### Task goal:
Nothing below is to be printed except the lines between the line holding "Reading: Lecture slides" and the line holding "The Tower of", inclusive, each exactly as it appears.

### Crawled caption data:
· · · · ·
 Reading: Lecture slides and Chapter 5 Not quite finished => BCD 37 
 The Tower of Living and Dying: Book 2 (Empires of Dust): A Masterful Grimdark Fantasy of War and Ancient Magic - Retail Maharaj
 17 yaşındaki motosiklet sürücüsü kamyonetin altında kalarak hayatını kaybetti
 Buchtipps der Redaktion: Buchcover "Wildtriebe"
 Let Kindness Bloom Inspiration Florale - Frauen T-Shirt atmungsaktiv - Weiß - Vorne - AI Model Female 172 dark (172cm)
· · · · ·
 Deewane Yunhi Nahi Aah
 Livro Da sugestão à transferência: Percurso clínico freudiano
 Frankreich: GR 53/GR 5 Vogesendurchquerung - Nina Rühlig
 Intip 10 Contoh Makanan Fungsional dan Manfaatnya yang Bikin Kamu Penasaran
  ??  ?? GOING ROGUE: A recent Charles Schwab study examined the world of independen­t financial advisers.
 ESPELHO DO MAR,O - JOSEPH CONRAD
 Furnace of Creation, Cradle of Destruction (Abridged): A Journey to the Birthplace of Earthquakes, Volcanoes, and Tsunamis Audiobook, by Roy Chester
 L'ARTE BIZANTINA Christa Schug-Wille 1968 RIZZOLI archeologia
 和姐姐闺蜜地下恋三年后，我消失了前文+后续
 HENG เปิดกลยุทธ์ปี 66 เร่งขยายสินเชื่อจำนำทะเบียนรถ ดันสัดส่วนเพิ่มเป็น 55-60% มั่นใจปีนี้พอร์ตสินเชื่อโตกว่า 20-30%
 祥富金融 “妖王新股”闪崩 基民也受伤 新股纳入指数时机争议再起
· · · · ·
### Answer for this exercise:
 Reading: Lecture slides and Chapter 5 Not quite finished => BCD 37 
 The Tower of Living and Dying: Book 2 (Empires of Dust): A Masterful Grimdark Fantasy of War and Ancient Magic - Retail Maharaj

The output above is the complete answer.